* [Work required]:
Leave the pictures aside and copy all the data exactly.

== Segment start ==

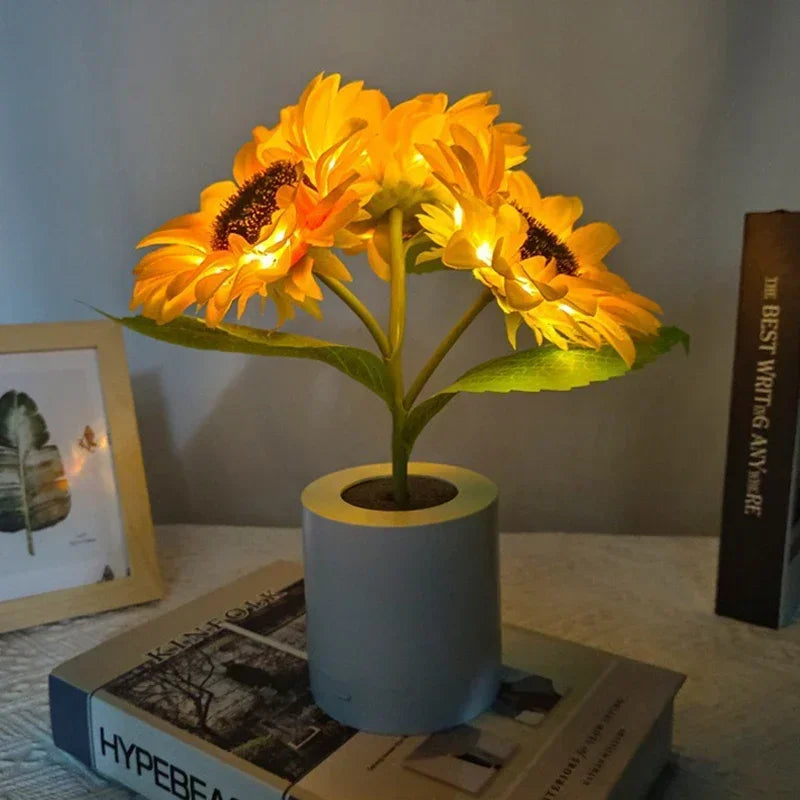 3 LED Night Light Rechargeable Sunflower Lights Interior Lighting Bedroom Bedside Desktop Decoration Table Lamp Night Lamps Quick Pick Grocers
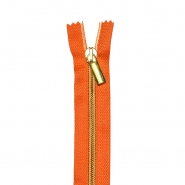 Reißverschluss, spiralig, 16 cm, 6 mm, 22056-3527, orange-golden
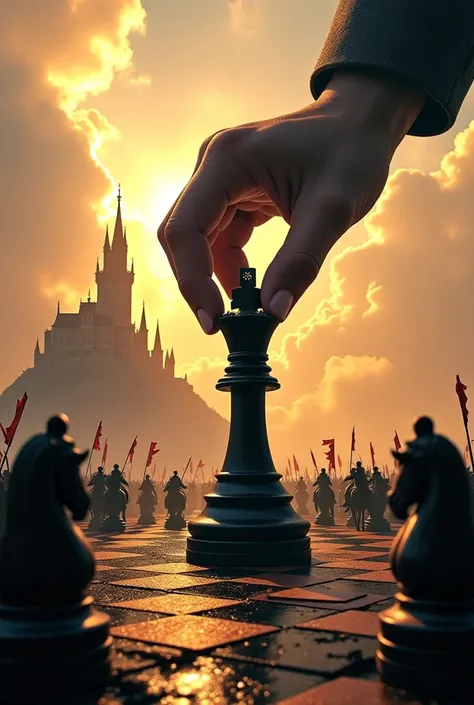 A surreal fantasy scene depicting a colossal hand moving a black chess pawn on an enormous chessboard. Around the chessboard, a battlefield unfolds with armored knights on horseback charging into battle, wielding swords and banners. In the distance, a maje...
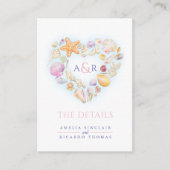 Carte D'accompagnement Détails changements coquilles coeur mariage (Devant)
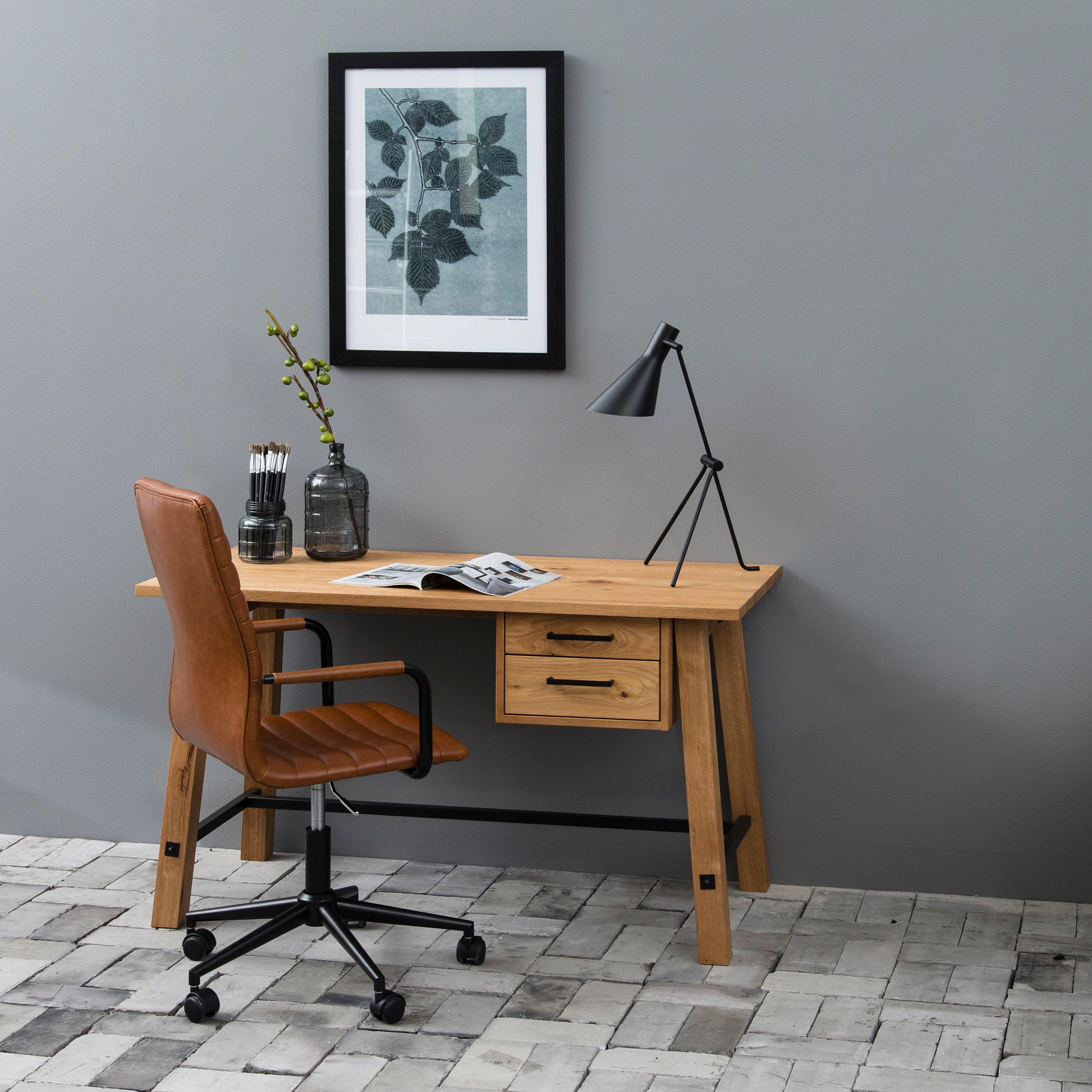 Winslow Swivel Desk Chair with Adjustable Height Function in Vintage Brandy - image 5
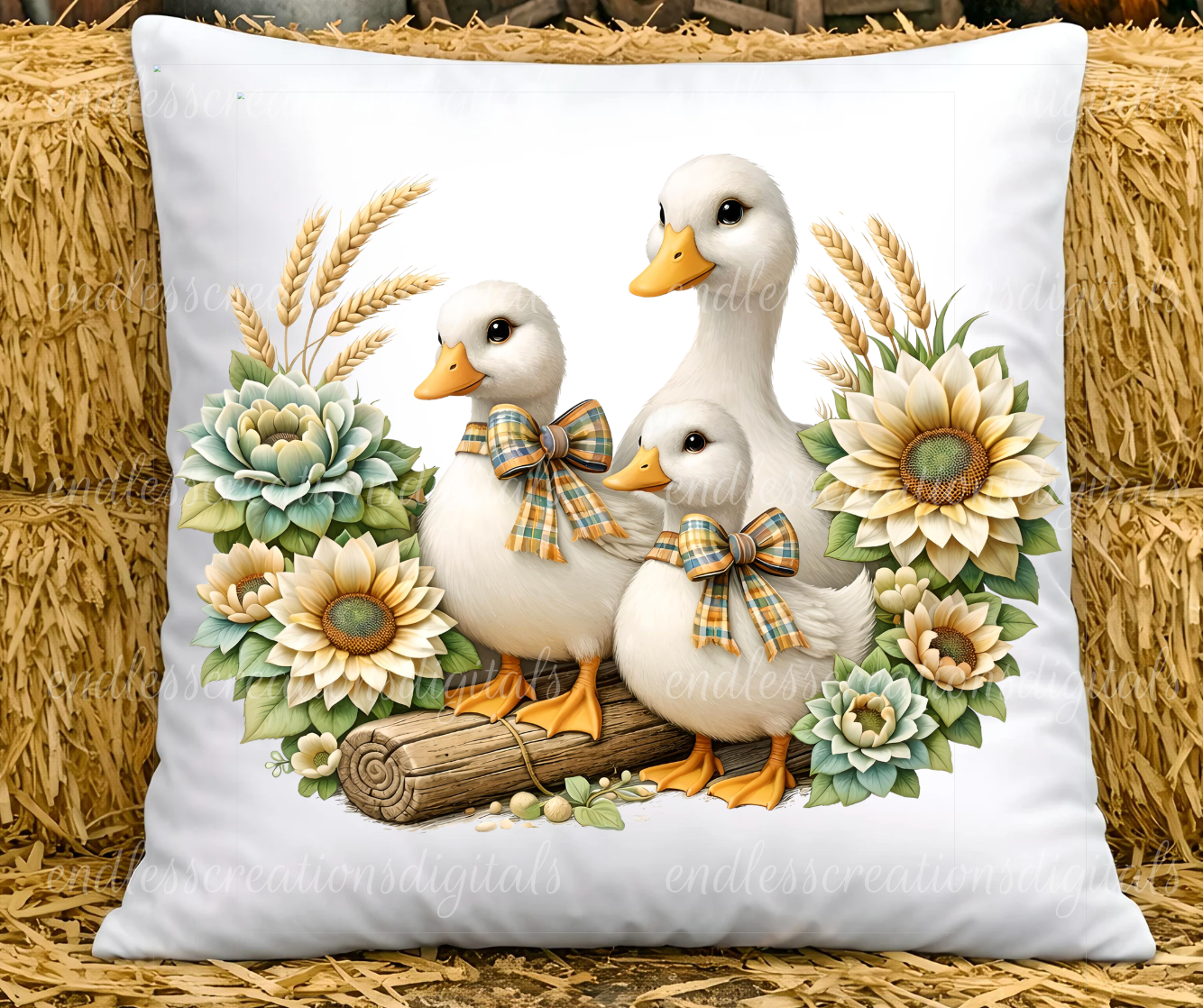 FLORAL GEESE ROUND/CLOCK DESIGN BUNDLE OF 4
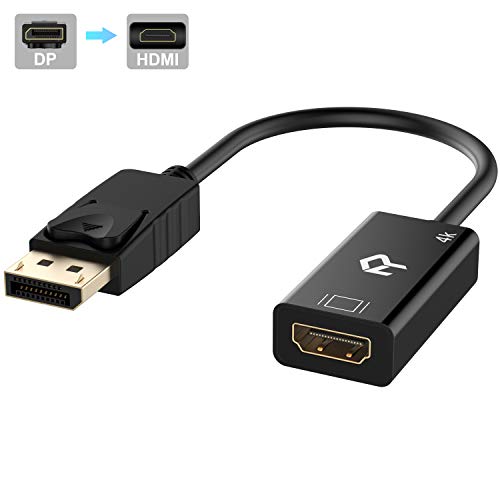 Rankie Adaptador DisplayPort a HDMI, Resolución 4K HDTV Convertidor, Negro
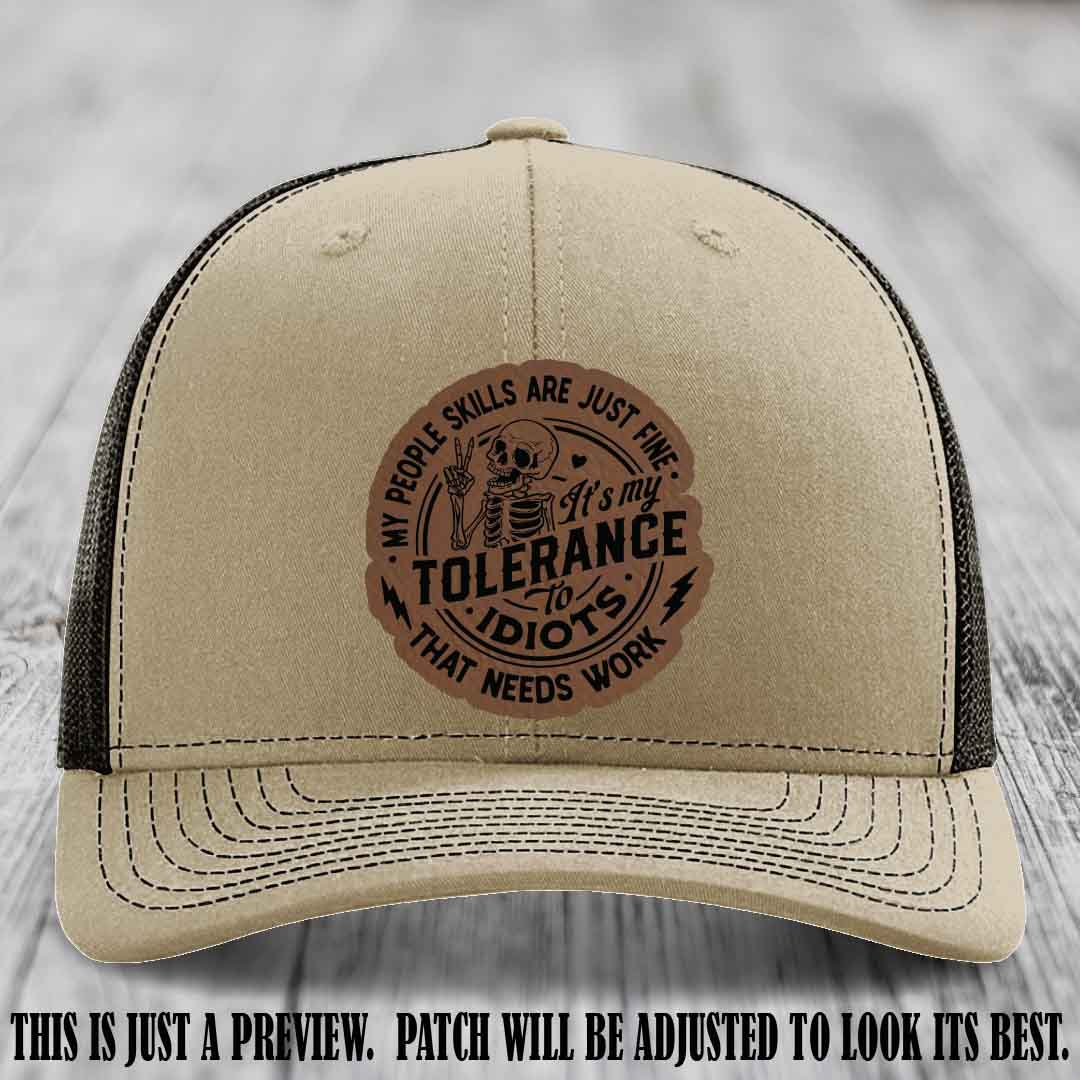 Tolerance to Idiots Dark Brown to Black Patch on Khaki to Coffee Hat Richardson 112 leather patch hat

== Segment end ==

* [Result of the task]:
 3 LED Night Light Rechargeable Sunflower Lights Interior Lighting Bedroom Bedside Desktop Decoration Table Lamp Night Lamps Quick Pick Grocers
 Reißverschluss, spiralig, 16 cm, 6 mm, 22056-3527, orange-golden
 A surreal fantasy scene depicting a colossal hand moving a black chess pawn on an enormous chessboard. Around the chessboard, a battlefield unfolds with armored knights on horseback charging into battle, wielding swords and banners. In the distance, a maje...
 Carte D'accompagnement Détails changements coquilles coeur mariage (Devant)
 Winslow Swivel Desk Chair with Adjustable Height Function in Vintage Brandy - image 5
 FLORAL GEESE ROUND/CLOCK DESIGN BUNDLE OF 4
 Rankie Adaptador DisplayPort a HDMI, Resolución 4K HDTV Convertidor, Negro
 Tolerance to Idiots Dark Brown to Black Patch on Khaki to Coffee Hat Richardson 112 leather patch hat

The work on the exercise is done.